The seizure of the drones was hailed as a rare victory in a whack-a-mole effort to halt the flow of banned hardware and electronics pouring into Russia in support of its war effort in Ukraine. Blocked from procuring military goods from Western countries, Moscow has increasingly looked for help from the former Soviet states of Central Asia, some of which are historically and financially bound to Russia but also trade extensively with Europe and China.
Biden administration officials say they are particularly concerned about the role played by Kyrgyzstan, the country from which the drone shipment originated. The mountainous, landlocked country of 6.7 million people was once the southern frontier of the Soviet empire, and it is now home to numerous businesses that have become a conduit for Western and Asian goods that Russia can’t legally obtain elsewhere, officials said in interviews.
And we are:
After months of fruitless visits to the Kyrgyz capital of Bishkek by a stream of U.S. and European diplomats, the Biden administration is preparing new economic measures to pressure the country to halt the trade, according to two U.S. officials familiar with the plans. The actions, which in the past have included sanctions or a “blacklisting” of companies accused of violations, could come as early as this week, said the officials, who spoke on the condition of anonymity to discuss diplomatically sensitive deliberations.
“Kyrgyzstan, while small relative to other countries, is a clear example of every factor at play at once to create an unacceptably [sanctions] evasion-friendly environment,” the senior official said...
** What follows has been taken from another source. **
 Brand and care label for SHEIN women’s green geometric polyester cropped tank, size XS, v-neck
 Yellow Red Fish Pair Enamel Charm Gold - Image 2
Former USSR republics bordering on Russia are in a difficult position, lacking the political and economic will to confront their aggressive neighbor. Russia considers them essentially vassal states, perhaps someday to be reconstituted into a Greater Russia just as Putin wanted to happen with Ukraine. But some are doing a better job of enforcing sanctions than Kyrgyzstan, and maximum pressure needs to be applied at this crucial phase of Putin's criminal war in Ukraine. Allowing him to resupply deadly military equipment and components through a black market bazaar in Kyrgyzstan is unacceptable.